## TASK DESCRIPTION
Output begins at the line with "Rura wydechowa WALKER 12223" and ends at the last line of the records below. Copy each line in that span exactly, and leave out pictures.

## SOURCE MATERIAL
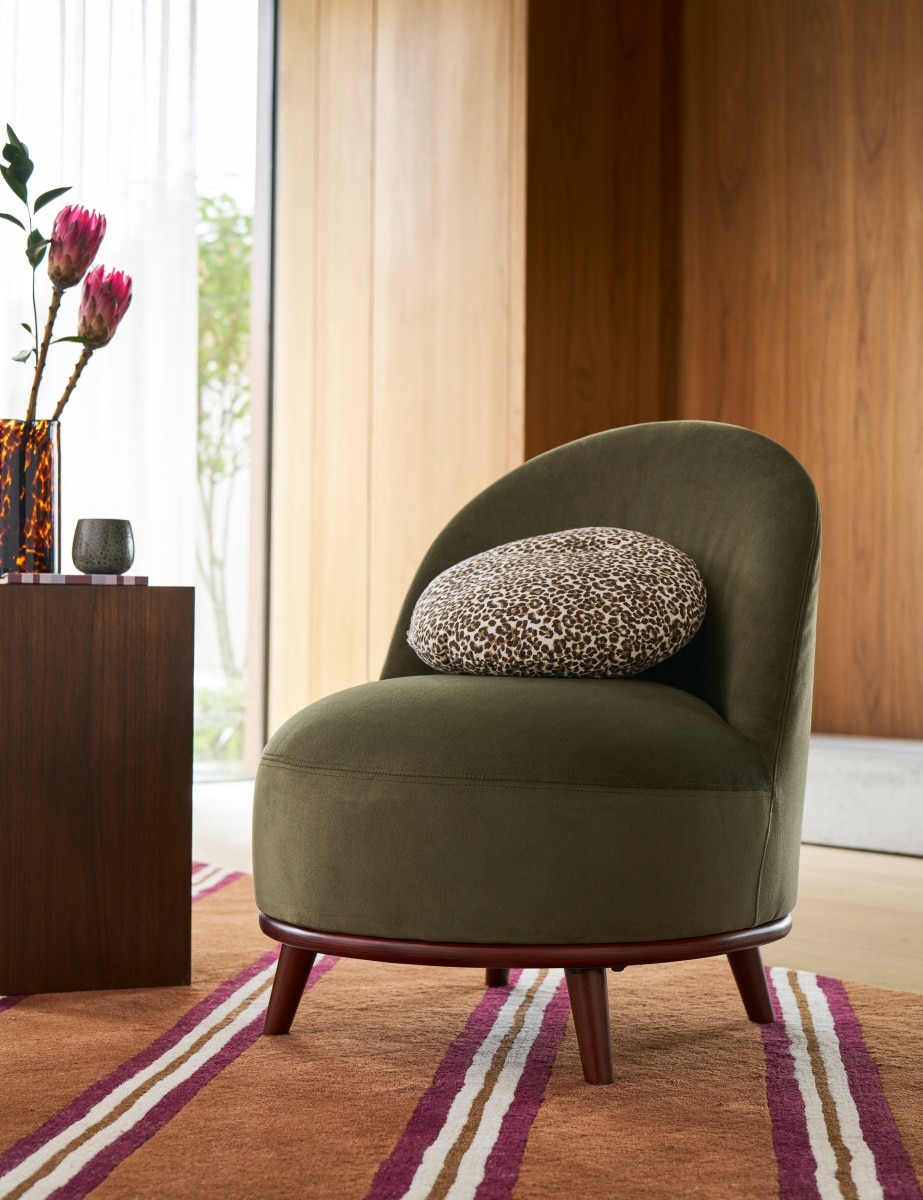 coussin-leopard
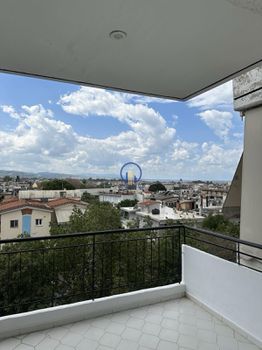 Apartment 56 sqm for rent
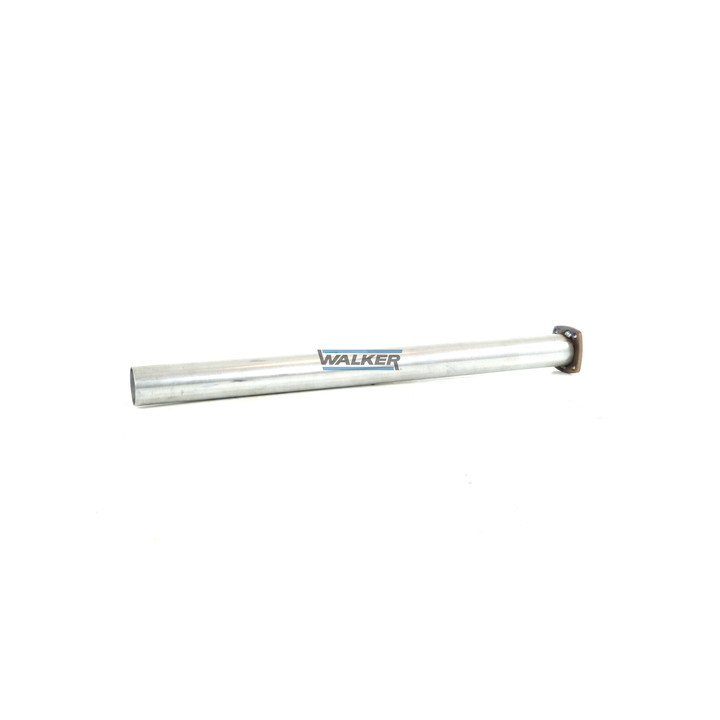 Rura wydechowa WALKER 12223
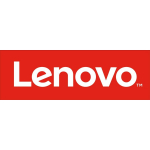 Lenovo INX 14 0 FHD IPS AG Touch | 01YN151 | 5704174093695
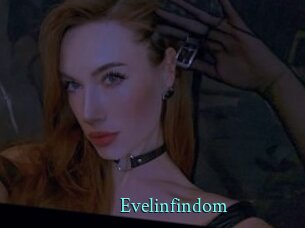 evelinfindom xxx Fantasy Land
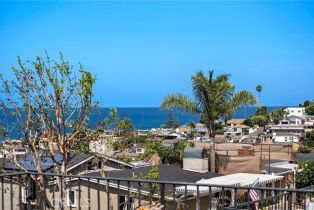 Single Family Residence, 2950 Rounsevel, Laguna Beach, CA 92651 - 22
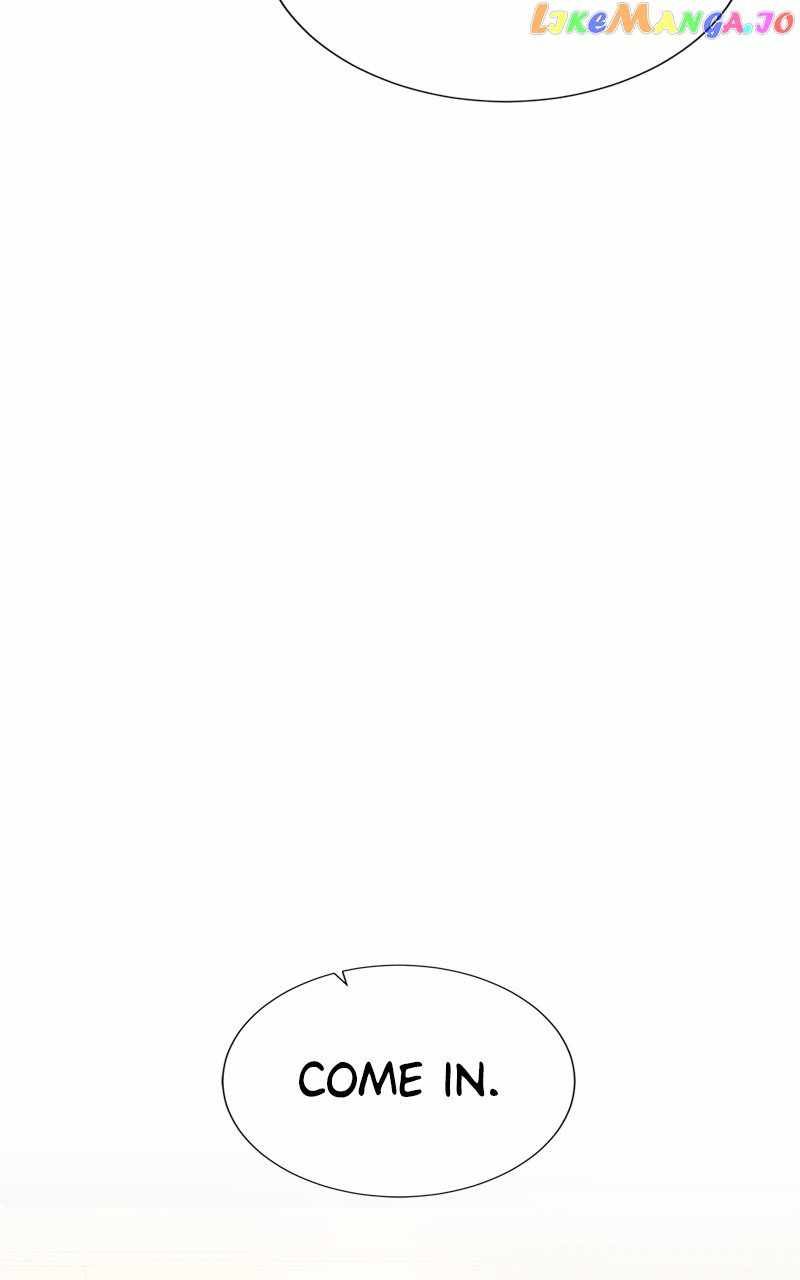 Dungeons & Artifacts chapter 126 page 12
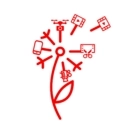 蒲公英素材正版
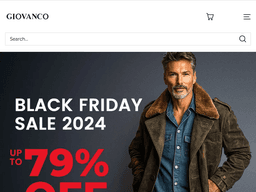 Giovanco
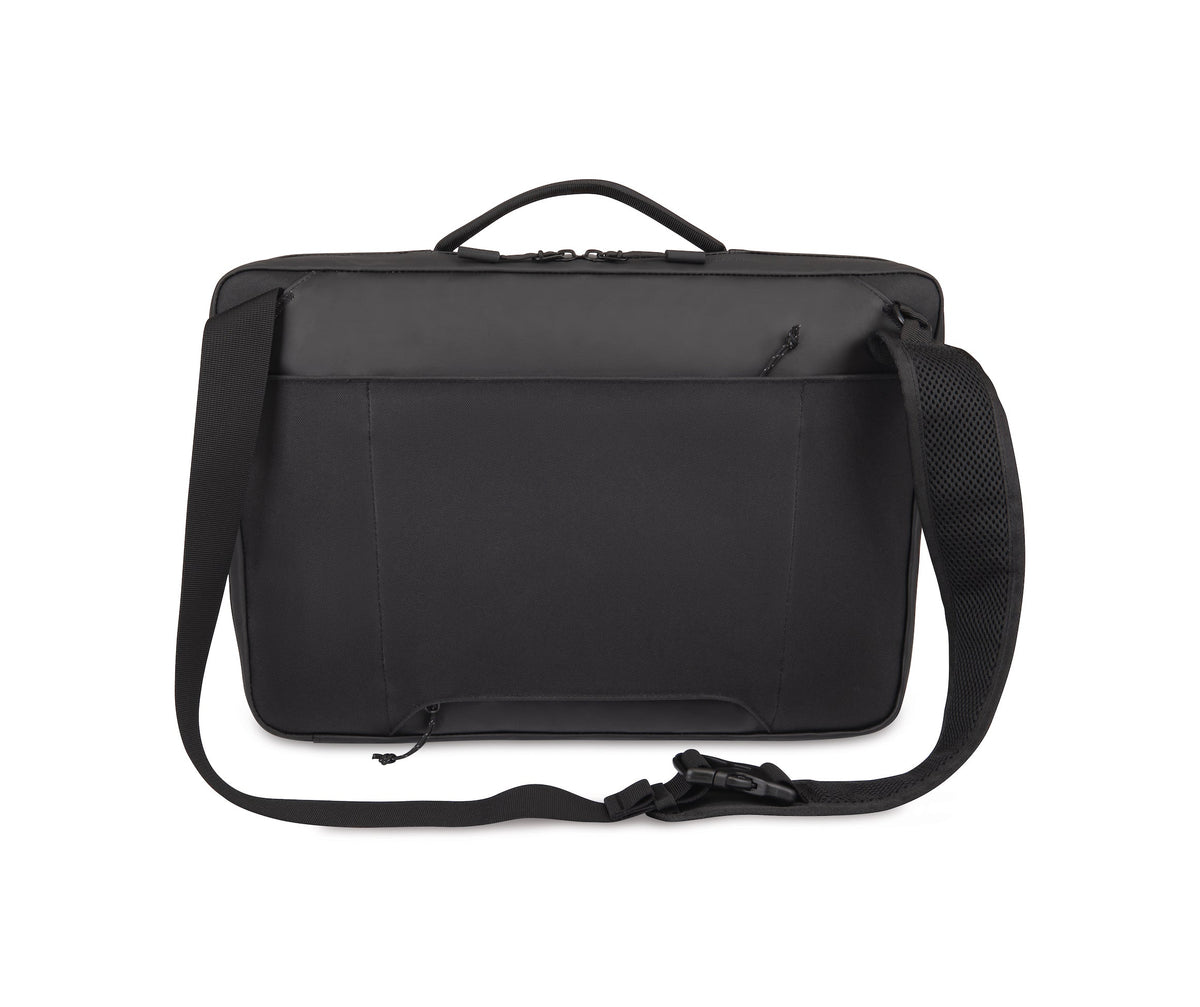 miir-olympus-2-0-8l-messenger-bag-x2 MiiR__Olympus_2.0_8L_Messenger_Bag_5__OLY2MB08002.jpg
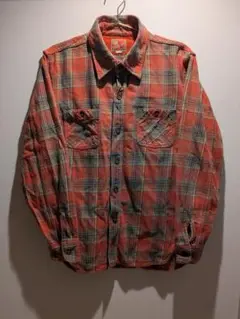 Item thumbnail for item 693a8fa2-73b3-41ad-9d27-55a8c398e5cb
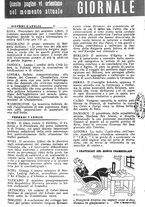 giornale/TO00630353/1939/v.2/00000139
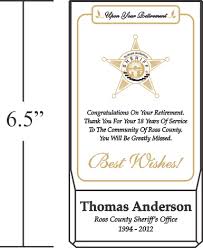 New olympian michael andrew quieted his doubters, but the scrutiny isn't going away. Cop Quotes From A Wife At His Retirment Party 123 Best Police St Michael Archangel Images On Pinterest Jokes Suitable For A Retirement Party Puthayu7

## EXERCISE OUTPUT
 Rura wydechowa WALKER 12223
 Lenovo INX 14 0 FHD IPS AG Touch | 01YN151 | 5704174093695
 evelinfindom xxx Fantasy Land
 Single Family Residence, 2950 Rounsevel, Laguna Beach, CA 92651 - 22
 Dungeons & Artifacts chapter 126 page 12
 蒲公英素材正版
 Giovanco
 miir-olympus-2-0-8l-messenger-bag-x2 MiiR__Olympus_2.0_8L_Messenger_Bag_5__OLY2MB08002.jpg
 Item thumbnail for item 693a8fa2-73b3-41ad-9d27-55a8c398e5cb
 giornale/TO00630353/1939/v.2/00000139
 New olympian michael andrew quieted his doubters, but the scrutiny isn't going away. Cop Quotes From A Wife At His Retirment Party 123 Best Police St Michael Archangel Images On Pinterest Jokes Suitable For A Retirement Party Puthayu7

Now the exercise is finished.